California has moved one step closer towards amending its Constitution to create a presumption of harm whenever personal data is shared without a consumer’s express opt-in, a change that would clear a significant hurdle to many privacy breach lawsuits.
On Thursday, California Secretary of State Debra Bowen approved steps necessary to bring the Personal Privacy Protection Act to California voters. The effort to bring this initiative to the ballot, led by former state Sen. Steve Peace (also co-writer and co-producer of 1978’s cult classic “Attack of the Killer Tomatoes”) and retired litigator Michael Thorsnes, will require 807,615 signatures from registered voters by February 24, 2014. (The complete Ballot Initiative Request is available here) If its proponents succeed, voters will face the issue in November 2014, with any approved change to the law taking effect in January 2016.
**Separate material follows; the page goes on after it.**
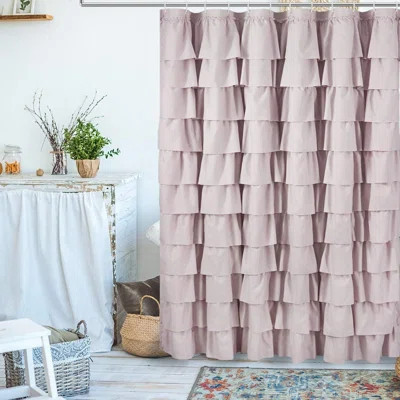 Ruffle Shower Curtain Extra Long Fabric Bathroom Decor With Soft Touch Cloth Texture, Romantic Blush Pink Ruffled Design For Farmhouse And Boho Style | Wayfair North America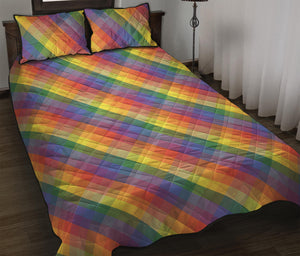 Rainbow LGBT Plaid Pattern Print Quilt Bed Set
As reported here, one of the biggest challenges litigants face is proving that the disclosure of personal data – such as credit card numbers, user names, and email addresses, as well as health data – has resulted in any actionable harm. If approved by California voters, the disclosure of “personally identifying information,” – defined as “any information which can be used to distinguish or trace a natural person’s identify, including but not limited to financial and/or health information, which is linked or linkable to a specific natural person” – will be presumed to have caused such harm or injury. Potential plaintiffs, unburdened from having to make the difficult showing of actual injury, will almost certainly unleash a flurry of such litigation in the state. Specifically, the initiative would create presumptions that an individual’s personally identifying information is confidential when collected for a commercial or governmental purpose and that individuals are harmed whenever that personal data is shared without his or her express opt-in to its disclosure (unless that information is publicly available or there is a compelling interest in its disclosure). Such a move would bring California closer to the opt-in approach to data collection and sharing favored in the E.U.
Notably, as a potential ballot initiative, this issue is not subject to review by lawmakers nor to the standard lobbying efforts of industry stakeholders. Instead, this aspect of the future of California privacy law rests firmly in the hands of her voters.